Test Strategy
Fundamentals of a Test Strategy document
A Test Strategy document conversion the overall test approach and goals to a project. A test plan covers how specific features/functionality will be tested.
A test strategy is useful reference project document to highlight the testing coverage of a major new feature. A test strategy should be done with every major project. Small projects and bug fixes are not something that needs a test strategy document.
Test Strategy Topics
Here are the main categories of a Test Strategy Document:
- Goal - What is the goal of the particular test strategy
- Sign-Off - Have some sign-off by the QA Lead, Dev Lead, Business Owner and Project Architect
- Scope - Identify the product features and risk areas. Include important milestones.

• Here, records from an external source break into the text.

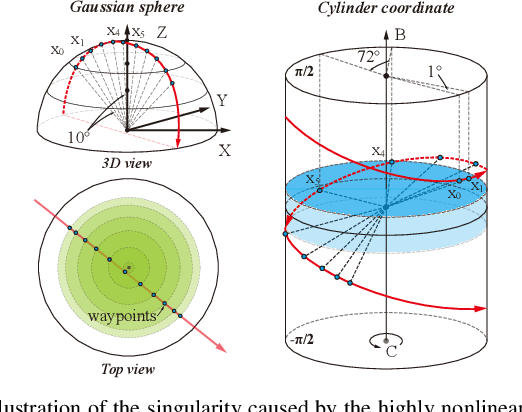 Figure 4 for Singularity-aware motion planning for multi-axis additive manufacturing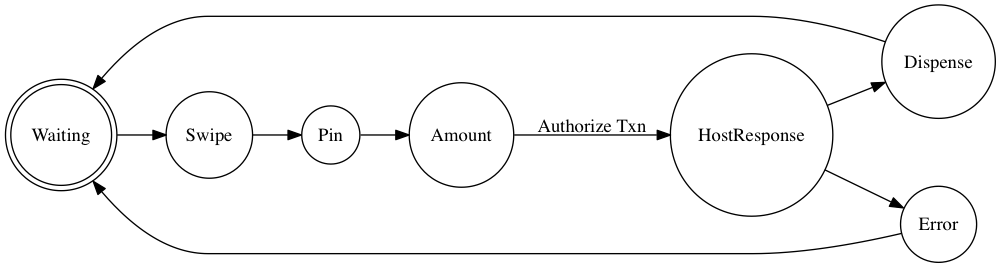 atm state machine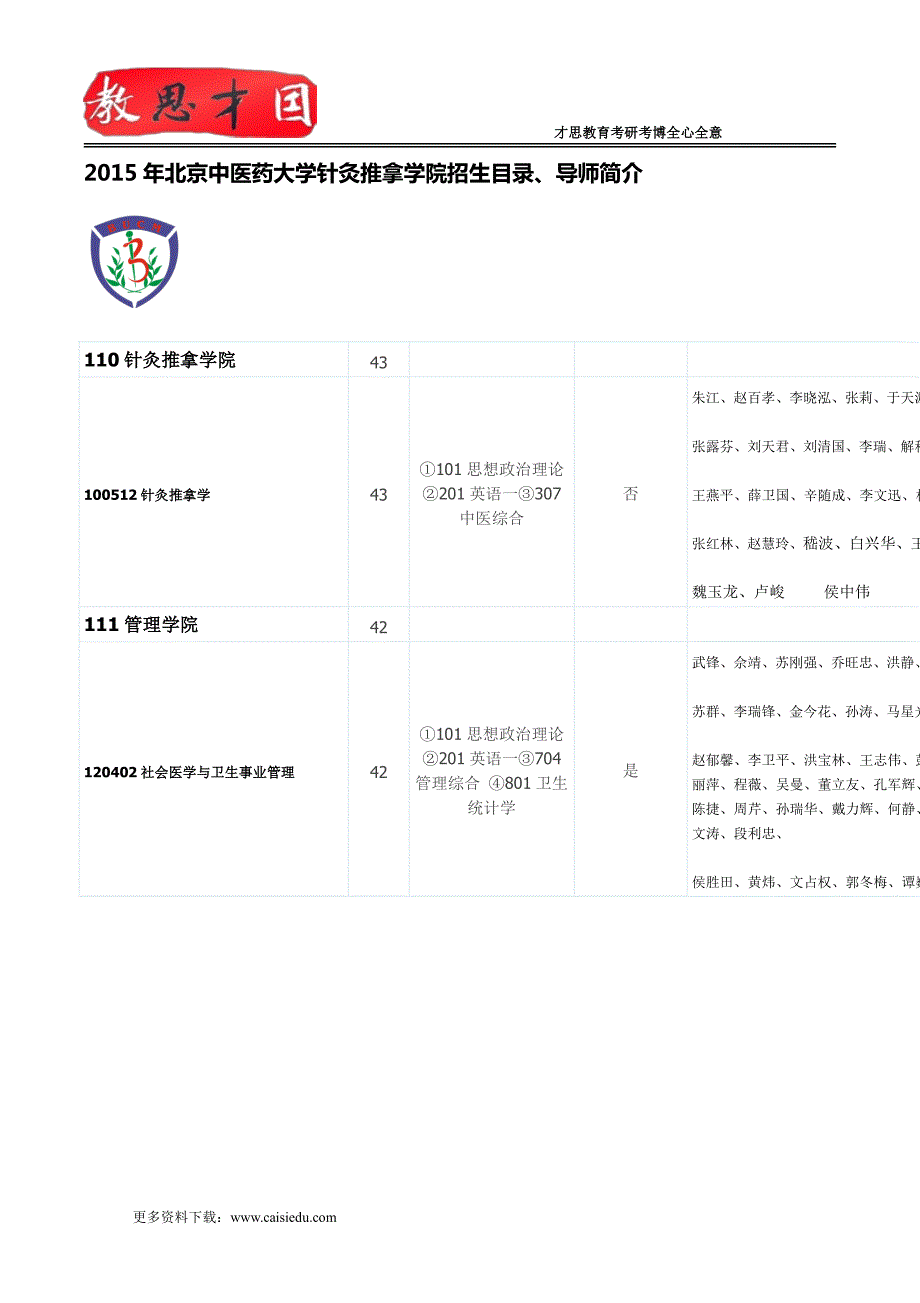 2015年北京中医药大学针灸推拿学院招生目录、导师简介_第1页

- Test schedule - Know when the project is going live and any rollout plan.
- Release Testing - Cover testing that will be performed at each release deployment. Good to keep a history for tracking purposes.
- Schedule Risks - What are areas of the project that could impact the release of the feature. Example might be third party support, special configurations, account settings.
- QA Resources - Who should people contact if there are issues?
- Timeline - Similar to the Test Schedule, but more focus on the project, what's QA involvement in the release of the feature.
- Jira Tickets - List of the story tickets for this project.
- Project Library - Links to the important documents to this project.
- Competition - List of similar features that are done in other companies. This is useful to understand how consumers may view this product.
Three Tips on Test Strategy Document
This is a live document and the QA Lead should be updating the document - at least once per week. Timelines and releases are areas that get the most updates.
Once the Test Strategy document structure is in place, the document should be shared with the project stakeholders Once it's been signed-off then the document should be shared with other QA Members.
Once the project is completed - usually when the project maintenance has been completed, the document should conclude with a "Transition Plan." This is when the test cases become part of the general release testing. Usually the QA Lead would go through the test cases to tag items that should be automated for regular regression.